PDF search term highlighting

snellm has asked for the wisdom of the Perl Monks concerning the following question:

Has anybody got highlight in PDF files working, preferably in a UNIX/Perl environment?

The procedure for passing an XML file to the Acrobat Reader seems straightforward enough, but generating the XML file is tricky - I can't find any tools that are able to calculate page numbers and character offsets given a PDF file and a set of keywords.

-- Michael Snell
-- michael@snell.com

Comment on PDF search term highlighting

Replies are listed 'Best First'.
Re: PDF search term highlighting by traveler (Parson) on Nov 19, 2002 at 16:40 UTC
You should look at xpdf. It contains pdf2txt that converts pdf to text. This is used by the python tool pdfSearch that seems to come close to what you want. HTH, --traveler	[reply]
Re: Re: PDF search term highlighting by snellm (Monk) on Nov 19, 2002 at 17:01 UTC
I'm not sure this is useful - I already use pdf2txt in another context. The problem is that I need to know the page number and offset (ie nth char) of the words to highlight. pdf2txt doesn't retain this information - it simply returns all the text in the PDF. -- Michael Snell -- michael@snell.com	[reply]
Re: Re: Re: PDF search term highlighting by traveler (Parson) on Nov 19, 2002 at 17:44 UTC
I know that pdf2txt only outputs the text. Absent another solution, though, that code may for the basis for a perl module you could write that would preserve the necessary information. --traveler	[reply]
Re: PDF search term highlighting by TheHobbit (Pilgrim) on Nov 19, 2002 at 17:59 UTC
Hi, There are realy a lot of modules to handle XML input/output... I think you may have a look at XML::Parser.
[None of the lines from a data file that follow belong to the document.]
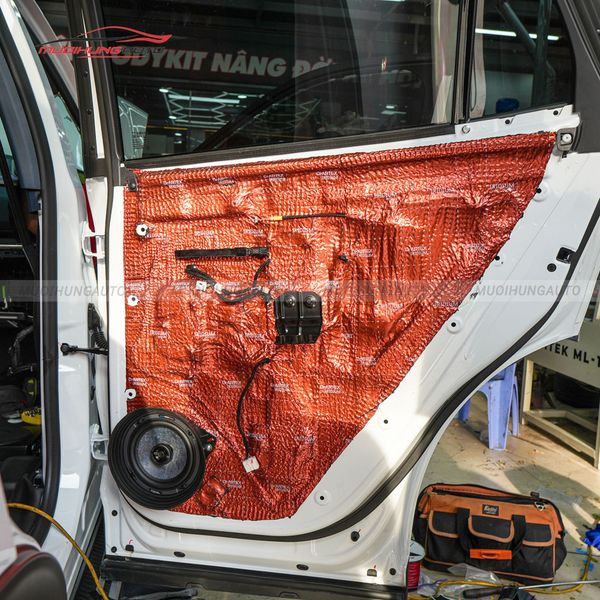 Độ Loa Cánh Ô Tô Ford Territory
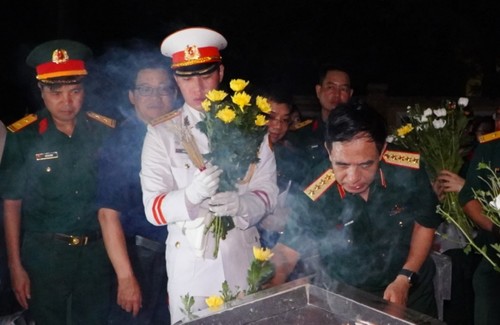 Incense burning in tribute to war martyrs - ảnh 1
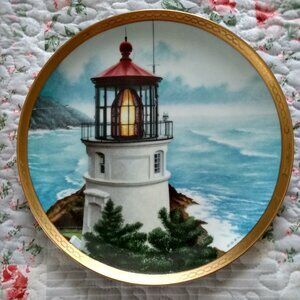 Beautiful plate by the Hamilton collection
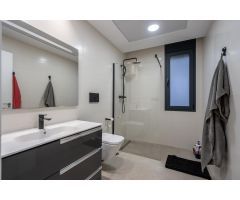 ^**^LUJOSO CHALET A ESTRENAR EN EXCLUSIVA URBANIZACIÓN EN SAN VICENTE DEL RASPEIG CON MÁS DE 350M2^*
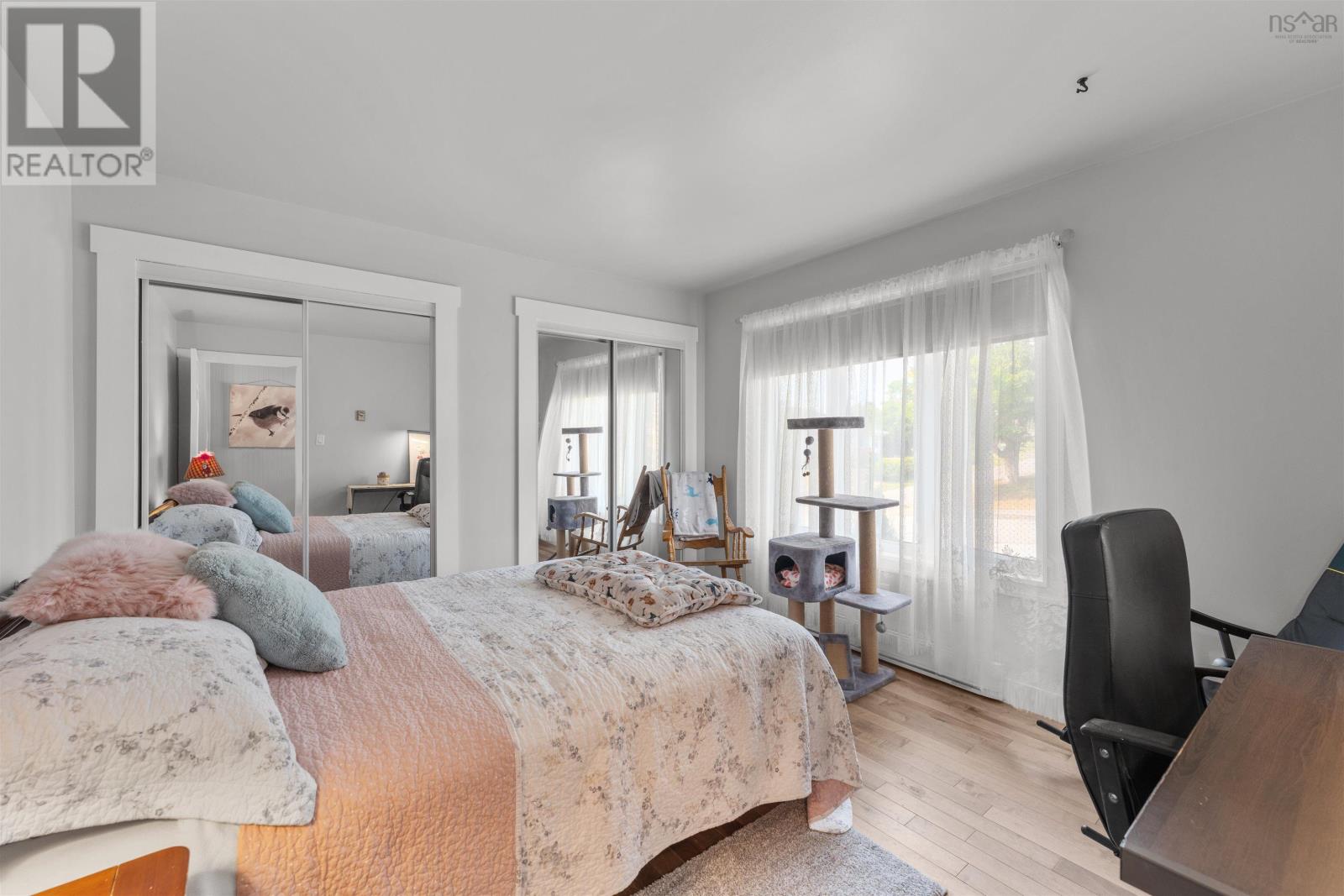 Property 9 of 49 of 94 King Street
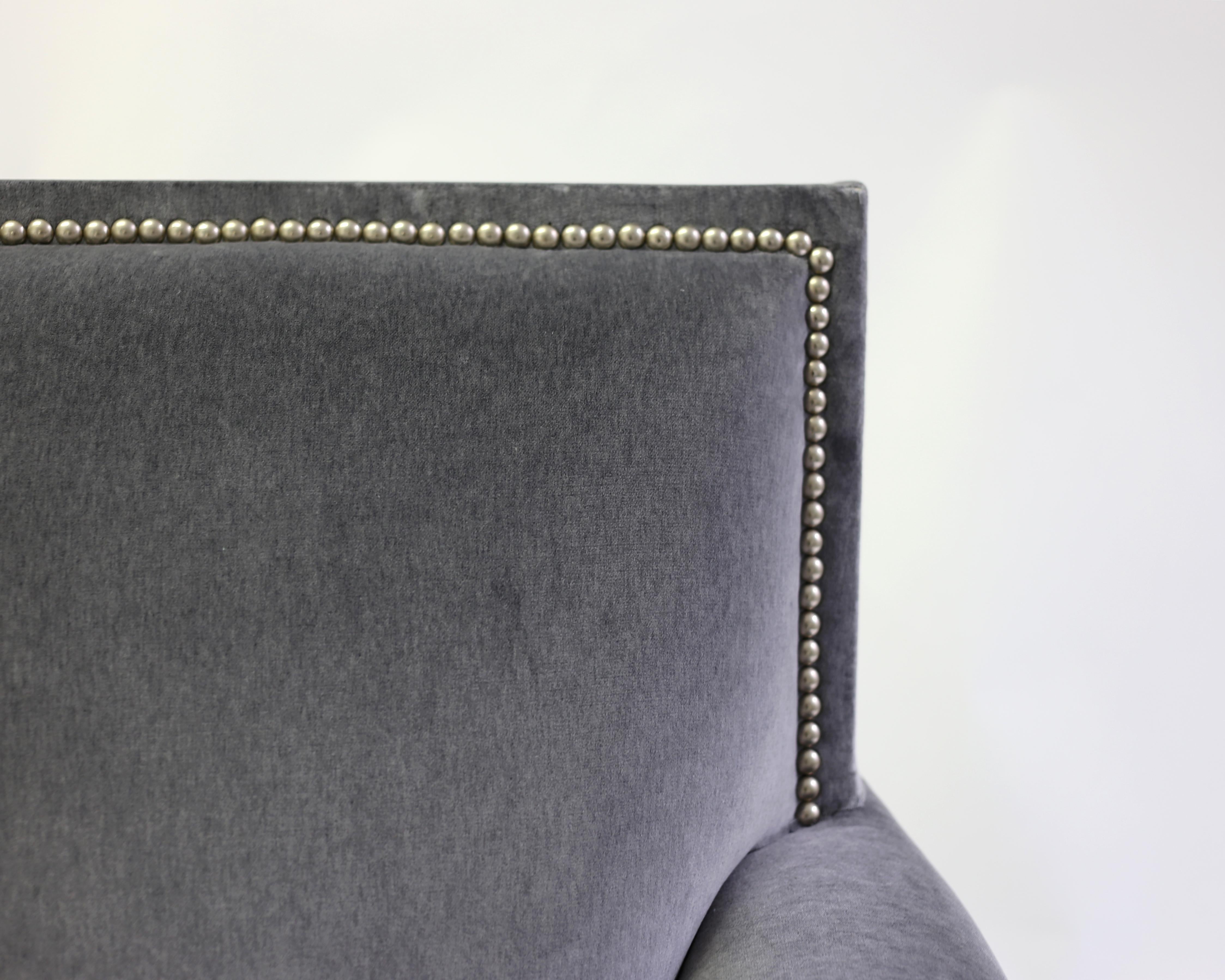 Américain Fauteuil club avec dossier carré garni de clous, bras en volute et coussin de siège libre en vente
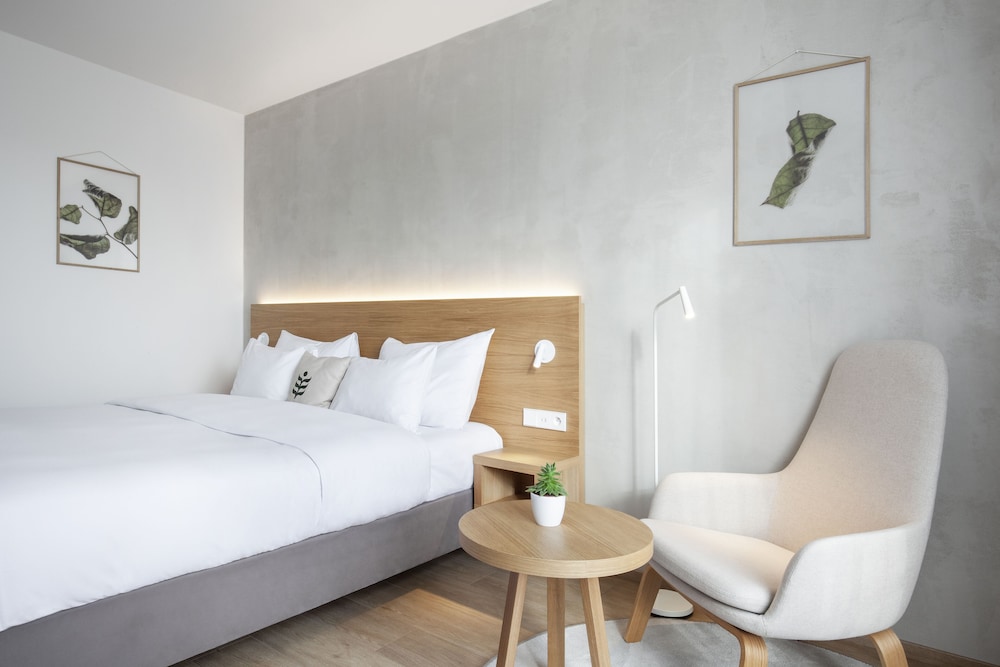 Botanique Hotel Prague — Hotel rooms in Prague, Prague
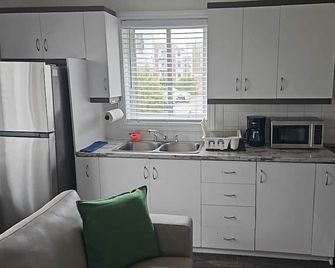 Bienvenidos a Rimouski ! - Rimouski - Kitchen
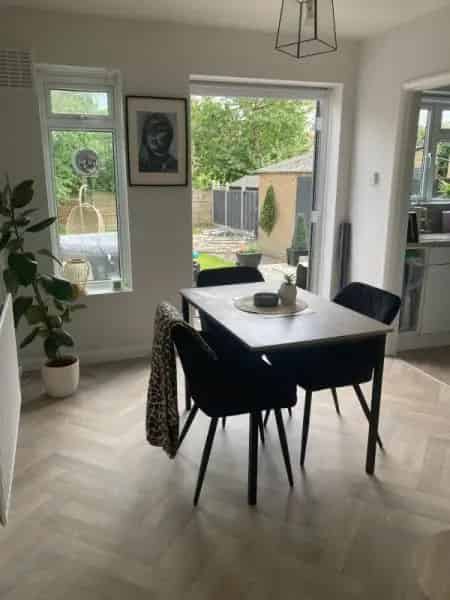 3 Bedroom Semi Detached House Near M1 and A41
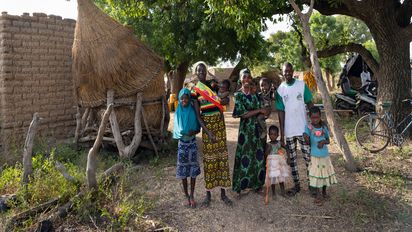 Weil seine Felder durch den Klimawandel nicht mehr genug abwarfen, um die Familie zu ernähren, beschloss der Kleinbauer Benjamin Nikiema zusammen mit der Brot für die Welt-Partnerorganisation ODE klimarobustes Saatgut anzubauen. Familienfoto / Personen von links: älteste Tochter Samira (Alter unbekannt), erste Frau Aminata Zumba, (29 Jahre) mit Sohn Zacharias (2 Monate), zweite Frau Jaorata Nakelse (20 Jahre) mit Sohn Mohamed (2 Jahre), Ehemann Benjamin Adama Nikiema mit den Toechtern Boussema (3 Jahre, links) und Alizeta (5 Jahre).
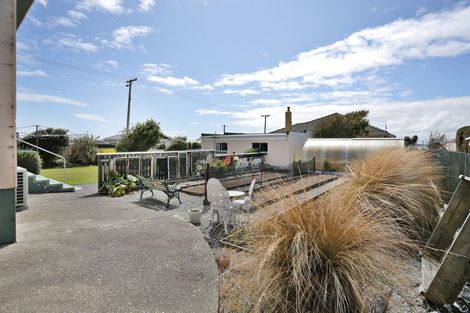 Photo of property in 20 Onslow Street, Bluff, 9814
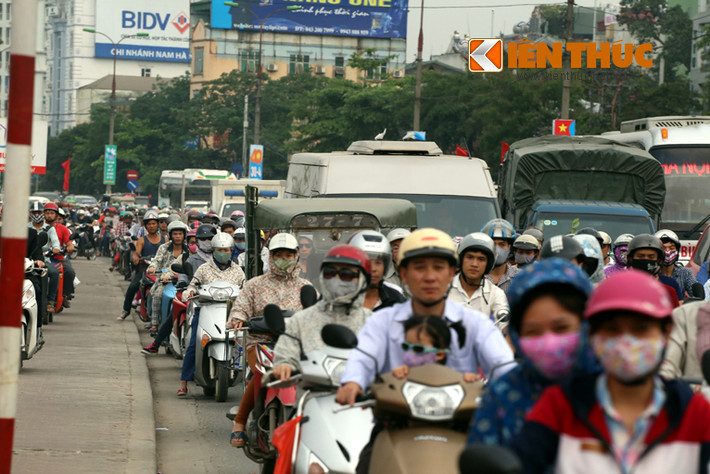 Từ trưa nay (3/5), các nẻo đường hướng vào Thủ đô, đặc biệt là ở các bến xe luôn đông kín người và phương tiện tham gia giao thông, khác hẳn với sự thưa vắng mấy ngày trước.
Hoping this helps... Cheers Leo TheHobbit	[reply]
Re: PDF search term highlighting by snellm (Monk) on Nov 22, 2002 at 12:18 UTC
Perhaps I didn't phrase the question correctly: I have no problem with XML per se - the problem is that I don't know how to find the page number and offset of a given keyword in a PDF file. -- Michael Snell -- michael@snell.com	[reply]